Summary
I’ve discovered 4 important security vulnerabilities in OpenVPN. Interestingly, these were not found by the two recently completed audits of OpenVPN code. Below you’ll find mostly technical information about the vulnerabilities and about how I found them, but also some commentary on why commissioning code audits isn’t always the best way to find vulnerabilities.
Here you can find the latest version of OpenVPN: https://openvpn.net/index.php/open-source/downloads.html
This was a labor of love. Nobody paid me to do this. If you appreciate this effort, please donate BTC to 1D5vYkiLwRptKP1LCnt4V1TPUgk7cxvVtg.
Introduction
After a hardening of the OpenVPN code (as commissioned by the Dutch intelligence service AIVD) and two recent audits 1 2, I thought it was now time for some real action ;).
Most of this issues were found through fuzzing. I hate admitting it, but my chops in the arcane art of reviewing code manually, acquired through grueling practice, are dwarfed by the fuzzer in one fell swoop; the mortal’s mind can only retain and comprehend so much information at a time, and for programs that perform long cycles of complex, deeply nested operations it is simply not feasible to expect a human to perform an encompassing and reliable verification.

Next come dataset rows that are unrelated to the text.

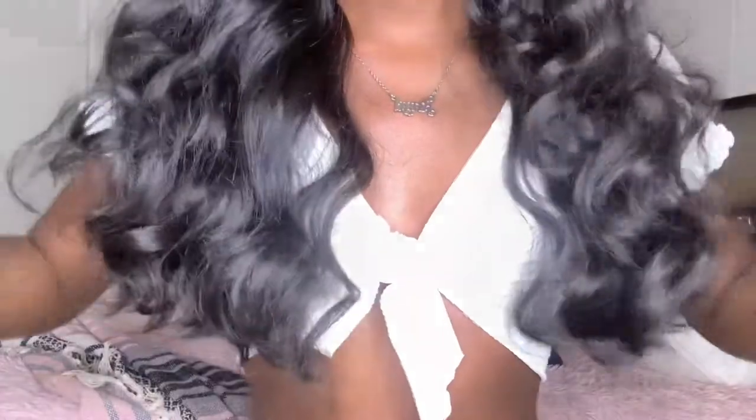Hi guys, it's been so long — I miss y'all so much! But we're back with another bomb hair tutorial with this synthetic wig. I got so many compliments on this wig, and I was like, you know what, I'm going to make a YouTube video. A lot of people asked where the wig came from.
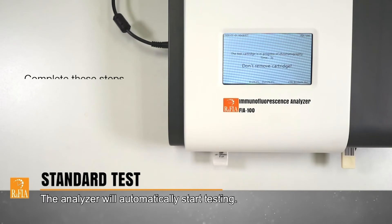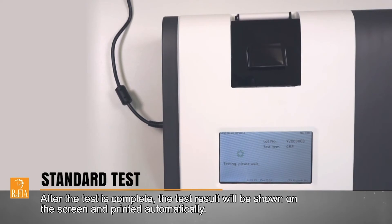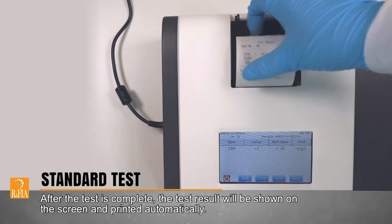The analyzer will automatically start testing. After the test is complete, the test result will be shown on the screen and printed automatically.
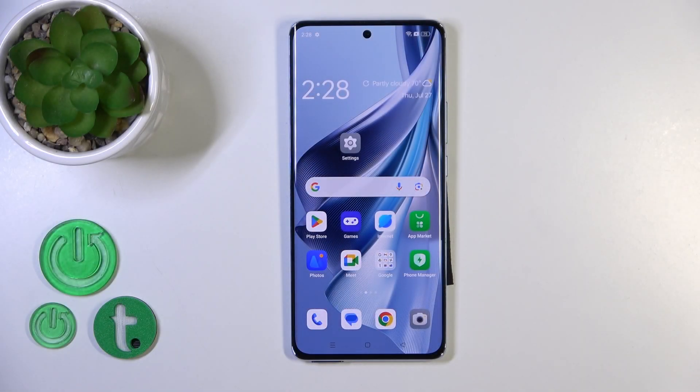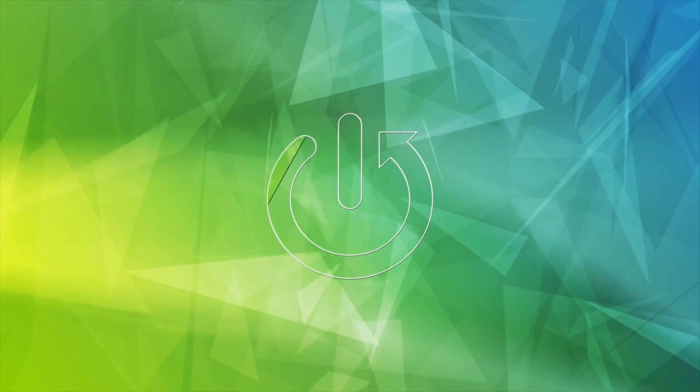Hi, today I'm reviewing the OPPO Reno 10, and I'll show you how to link Google Assistant to the power button on this device.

End users and companies who want to invest in validating the security of an application written in an “unsafe” language like C, such as those who crowd-funded the OpenVPN audit, should not request a manual source code audit, but rather task the experts with the goal of ensuring intended operation and finding vulnerabilities, using that strategy that provides the optimal yield for a given funding window.
Upon first thought you’d assume both endeavors boil down to the same thing, but my fuzzing-based strategy is evidently more effective. What’s more, once a set of fuzzers has been written, these can be integrated into a continuous integration environment for permanent protection henceforth, whereas a code review only provides a “snapshot” security assessment of a particular software version.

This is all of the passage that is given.